Work order: Leaving the pictures aside, return the listing exactly as it appears.

Material provided:
--- --- ---
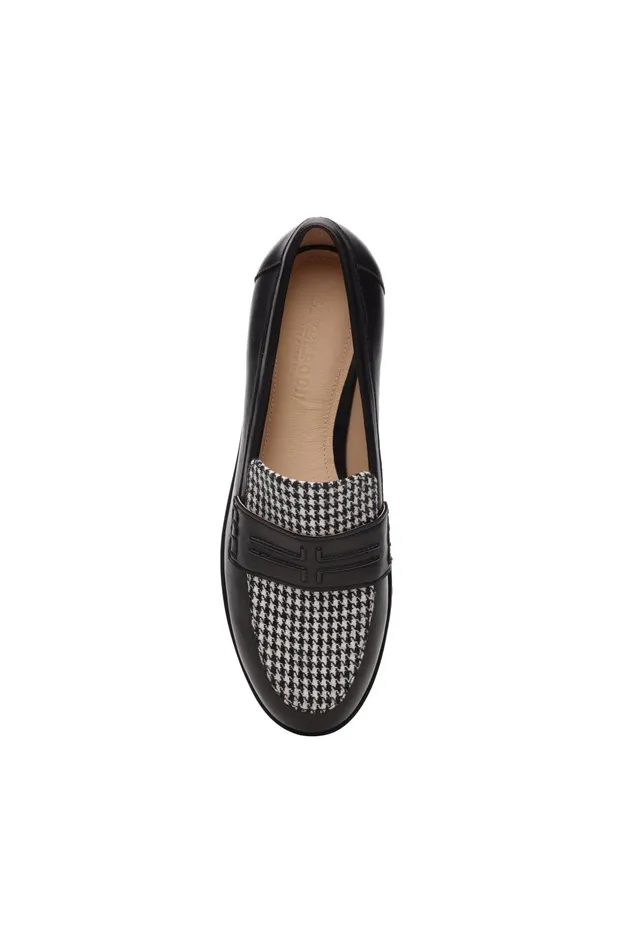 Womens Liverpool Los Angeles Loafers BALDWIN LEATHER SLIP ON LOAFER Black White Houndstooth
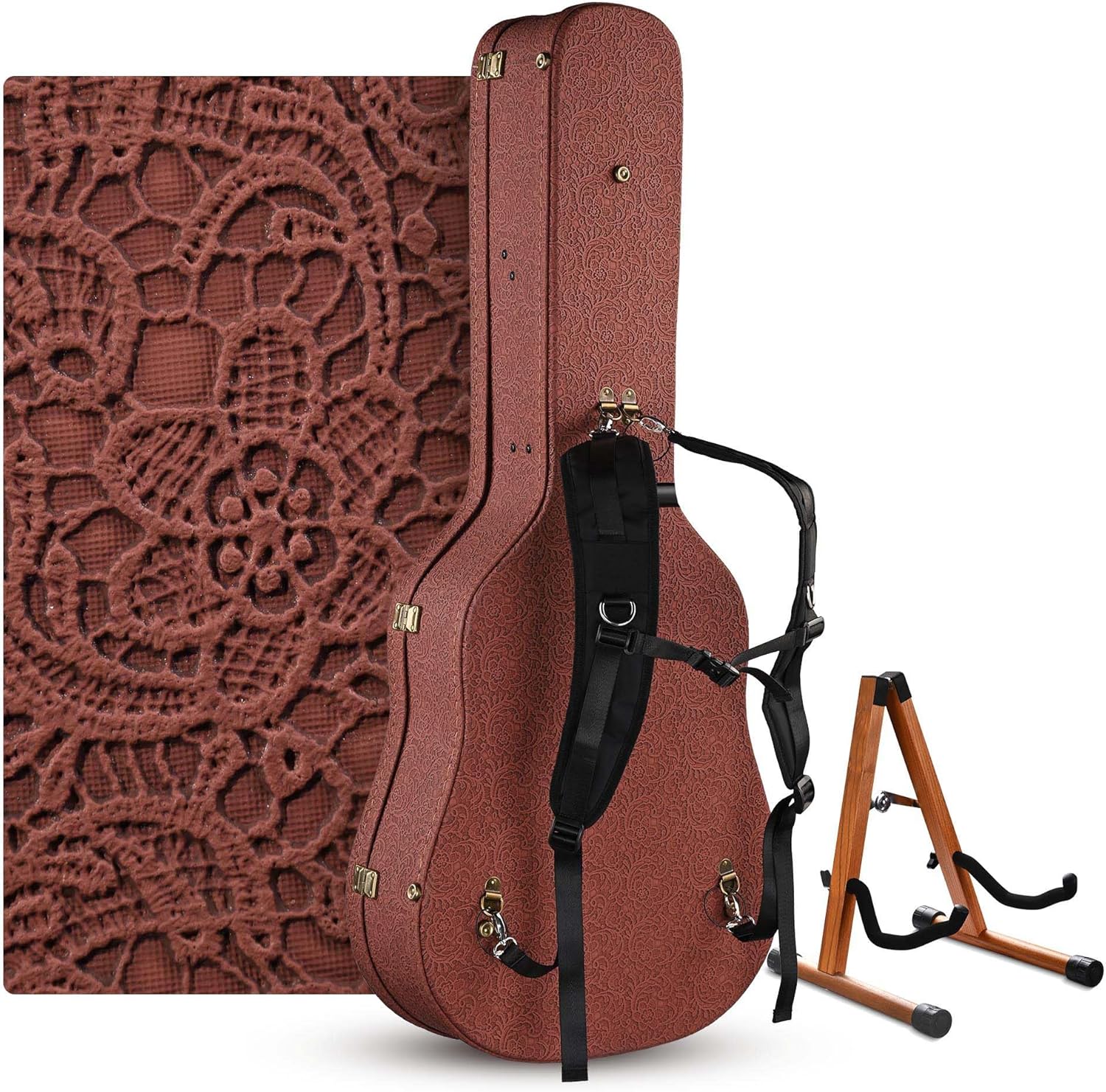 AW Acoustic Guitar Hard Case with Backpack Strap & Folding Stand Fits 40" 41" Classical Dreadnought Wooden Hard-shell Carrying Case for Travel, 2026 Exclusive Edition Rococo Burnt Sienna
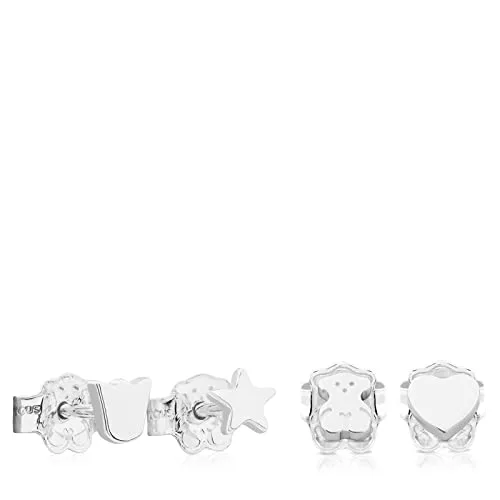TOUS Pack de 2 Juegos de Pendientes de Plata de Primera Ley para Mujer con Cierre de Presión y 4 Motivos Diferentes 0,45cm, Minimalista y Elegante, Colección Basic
--- --- ---
Exercise answer:
 Womens Liverpool Los Angeles Loafers BALDWIN LEATHER SLIP ON LOAFER Black White Houndstooth
 AW Acoustic Guitar Hard Case with Backpack Strap & Folding Stand Fits 40" 41" Classical Dreadnought Wooden Hard-shell Carrying Case for Travel, 2026 Exclusive Edition Rococo Burnt Sienna
TOUS Pack de 2 Juegos de Pendientes de Plata de Primera Ley para Mujer con Cierre de Presión y 4 Motivos Diferentes 0,45cm, Minimalista y Elegante, Colección Basic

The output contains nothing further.